Sorry grammar Nazis (aka Tina), I am
awful at spelling and grammar and life. Let me apologize in advance! SORRY!!!!

Sunday, May 27, 2012

Dancing in the Rain

Dear Readers,

"I was worried about getting wet, but then I said fuck it and danced in the rain."

I have a new life motto, dear readers, and that is it. I feel as if it is one of the only good things I have ever written or thought of (along with my poem "Life like mirrors, is hard and unforgiving.") Please don't dis my new motto. It may not be the most literary work of genius, but it is wonderful to me.
To explain my new life motto I need to start out with why it means so much to me. Today I graduated from high school. I am now officially done with high school. I walked across the "stage" (gym floor), shook some unknown mans hand, and received my diploma. I am done!! High school has been fun, but I am ready to move on. The next chapter of my life is beckoning me. The pull is so strong that I almost want to scream. I want to be done with high school and this life and some of my friends and everything, but I feel like high school is pulling down by the ankles. While my bright shiny future is out ahead of me I sit around fretting about useless shit that I should not care about. I have been so worried about what people think of me, what I think of others, what feelings I have towards others, and their feelings towards me.
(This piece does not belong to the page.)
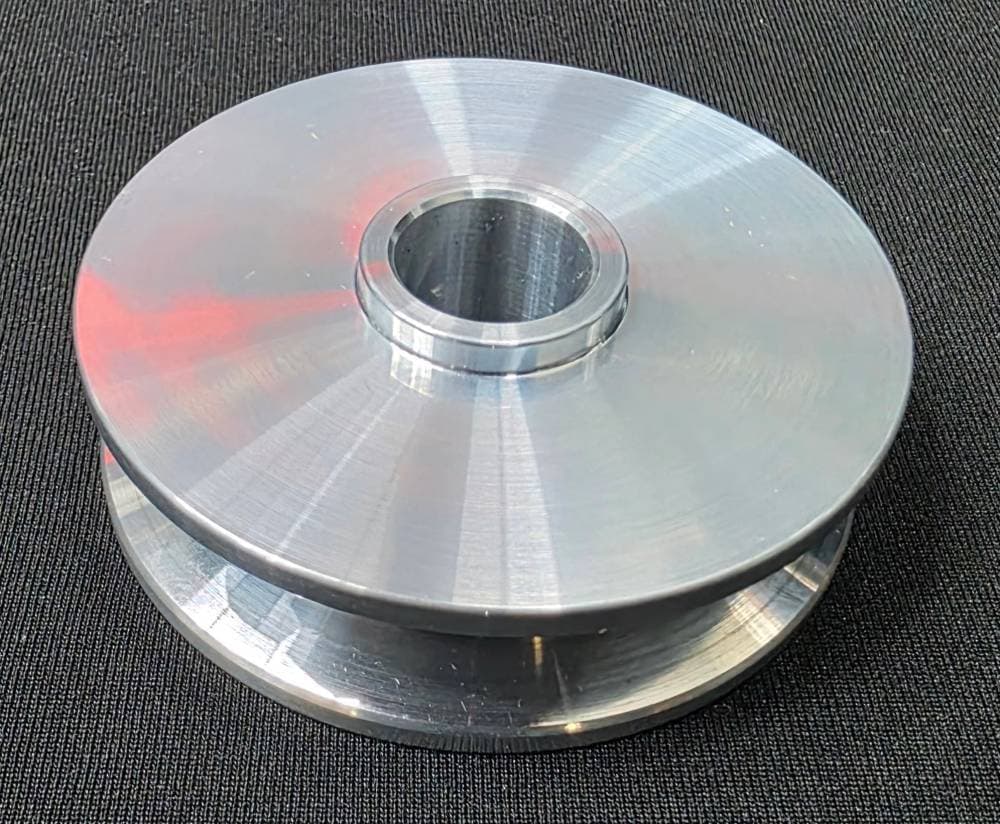 Pontiac Single Groove Alternator Pulley- Billet Finish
I  haven't realized that none, and I mean none, of this shit matters.
Let me just say, feelings are a bitch. When you think you have everything figured out the come into your heart and cause ruckus. They leave a nasty trail of regrets and fears that cause you to worry. What if he likes me? What if I like him? What if she likes him? What does what he said mean? Does it mean anything? I am sending double meanings?
Well you know what NONE of it matters. It doesn't! I am done with high school, I am done with these people, and I done with these feelings. Those bitches can just leave me alone. I need to stop worrying about what others and myself do and say.
And I have been telling myself that. I have been repeating the mantra L.I.F.E.G.O.E.S.O.N  in my head for the past few months, but it didn't hit me till today. It didn't hit me till I really stopped caring about something. Till I stopped worrying about getting wet and danced in the rain. It may sound foolish to you, but it stuck a chord in my heart. It made me stop and think. I need to stop worrying. I get wet, oh well clothes dry. I don't need to run to my back door to keep out of the rain. I dry. It will be okay. It is one thing to say you don't care and act like you don't care, but it is another thing completely to not actually care. To not worry about anything.
You know it feels good. It feels good to be done with high school. To be done with the people. To be done worrying. It feels so fucking fantastic to look at a situation and not have to worry about it. It may be as simple as not caring if you get wet. It may be as complex as your feelings towards a person of the opposite gender. Yet some how the complexity of the issue plays no part in how good it feels to not care. Hopefully some day, dear readers, you find this feeling. I wish with all of my heart that you stumble upon the same realization. I hope you can dance in the rain, with no one watching, no cares, and no regrets.